TRY IT: In the records below, find the line that holds "Giải pháp xử". Restate it and every later line exactly, stopping at the end and skipping pictures.
(THE RECORDS)
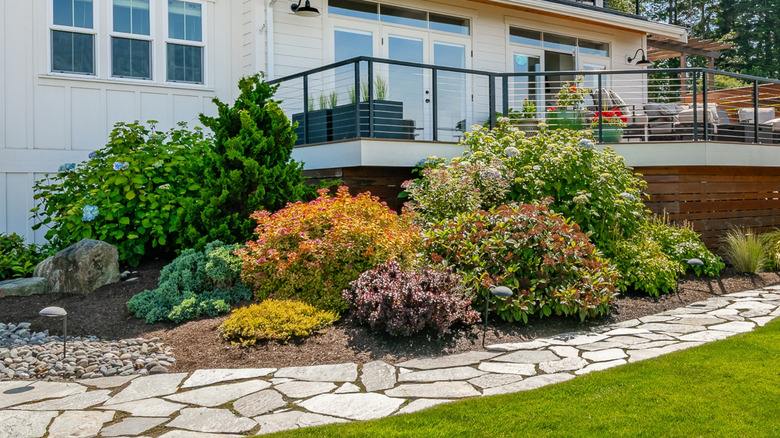 Landscaped shrubs in front of house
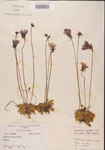 Pinguicula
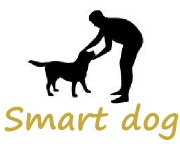 smart-dog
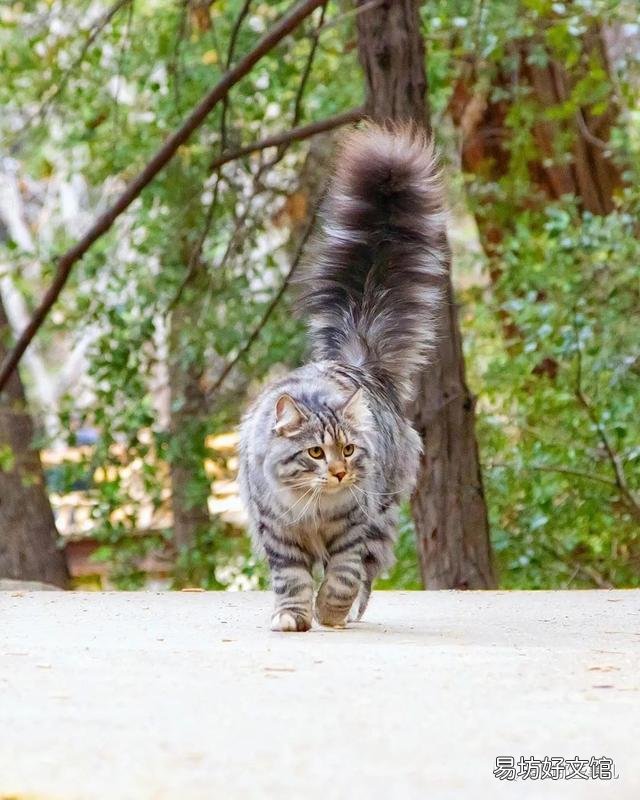 大尾巴猫是什么品种(大尾巴猫是啥品种)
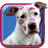 icon Pitbull Dog Live Wallpaper 7.1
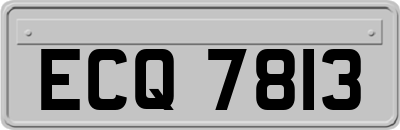 ECQ7813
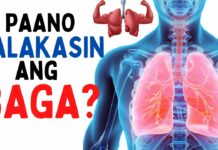 Pabaskugon ag limpyuhan ro baga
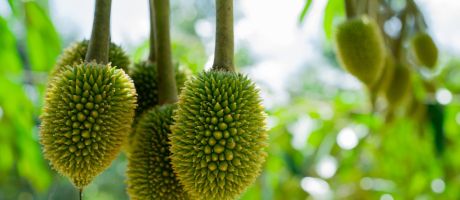 Giải pháp xử lý hiệu quả sầu riêng vừa đi đọt vừa đậu quả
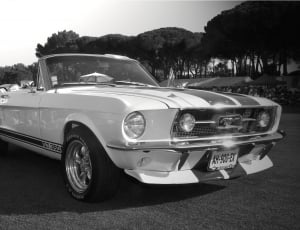 grayscale photo of Ford Mustang GT 350 convertible thumbnail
(End THE RECORDS)
WRITTEN ANSWER:
 Giải pháp xử lý hiệu quả sầu riêng vừa đi đọt vừa đậu quả
 grayscale photo of Ford Mustang GT 350 convertible thumbnail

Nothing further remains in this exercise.